This book is based principally on the captured German documents, the interrogations and testimony of German military officers and civilian officials, the diaries and memoirs which some of them have left, and on my own experience in the Third Reich.
Millions of words from the German archives have been published in various series of volumes, and millions more have been collected or microfilmed and deposited in libraries—in this country chiefly the Library of Congress and the Hoover Library at Stanford University—and in the National Archives at Washington. In addition, the Office of the Chief of Military History, Department of the Army, at Washington is in possession of a vast collection of German military records.

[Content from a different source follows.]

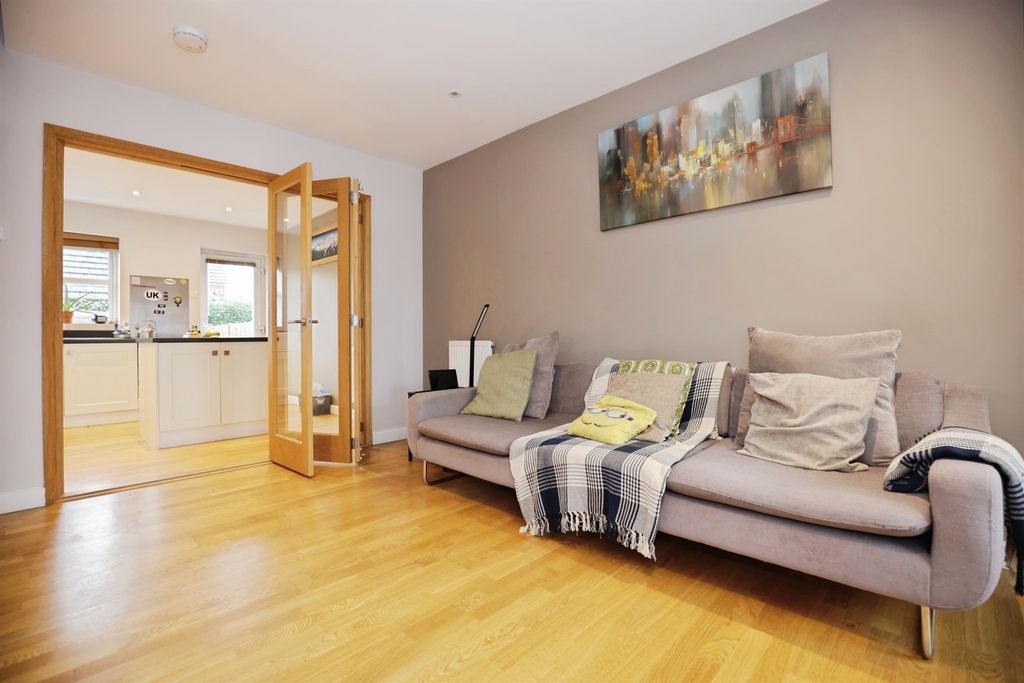 Property photo 3 of 11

Of the published volumes of documents the most useful for my purposes have been three series. The first is Documents on German Foreign Policy, Series D, comprising a large selection in English translation of the papers of the German Foreign Office from 1937 to the summer of 1940. Through the courtesy of the State Department I have been given access to a number of additional German Foreign Office papers, not yet translated or published, which deal primarily with Germany’s declaration of war on the United States.
Two series of published documents dealing with the main Nuremberg trial have been invaluable in taking one behind the scenes in the Third Reich. The first is the forty-two-volume Trial of the Major War Criminals, of which the first twenty-three volumes contain the text of the testimony at the trial and the remainder the text of the documents accepted in evidence, which are published in their original language, mostly German. Additional documents, interrogations and affidavits collected for that trial and translated rather hurriedly into English are published in the ten-volume series Nazi Conspiracy and Aggression. Unfortunately, the extremely valuable testimony given before the commissioners of the International Military Tribunal is mostly omitted from the latter series and is available only in mimeographed form on deposit with a few leading libraries.
There were twelve subsequent trials at Nuremberg, conducted by United States military tribunals, but the fifteen bulky published volumes of testimony and documents presented at these trials, titled Trials of War Criminals before the Nuremberg Military Tribunals, contain less than one tenth of the material. However, the rest may be found in mimeograph or photostats in some libraries. Summaries of other trials which shed much light on the Third Reich may be found in Law Reports of Trials of War Criminals, published by His Majesty’s Stationery Office in London, 1947–49.
Of the unpublished German documents other than the rich collections in the Hoover Library, the Library of Congress and the National Archives—which contain, among other things, the Himmler files and a number of Hitler’s private papers—one of the most valuable finds has been that of the so-called “Alexandria Papers,” a good proportion of which have now been microfilmed and deposited at the National Archives. Information about a number of other captured papers will be found in the notes. Among the unpublished German material, incidentally, is General Halder’s diary—seven volumes of typescript with annotations added by the General after the war to clarify certain passages—which I found to be one of the most valuable records of the Third Reich.
Some of the books which have been helpful to me are listed below. They are of three types: first, the memoirs and diaries of some of the leading figures in this narrative; second, books based on the new documentary material, such as those of John W. Wheeler-Bennett, Alan Bullock, H. R. Trevor-Roper and Gerald Reitlinger in England, of Telford Taylor in America, and of Eberhard Zeller, Gerhard Ritter, Rudolf Pechel and Walter Goerlitz in Germany; and third, books which provide background.
A comprehensive bibliography of works on the Third Reich has been published in Munich as a special number of the Vierteljahrshefte fuer Zeitgeschichte under the auspices of the Institut fuer Zeitgeschichte. The catalogues of the Wiener Library in London also contain excellent bibliographies.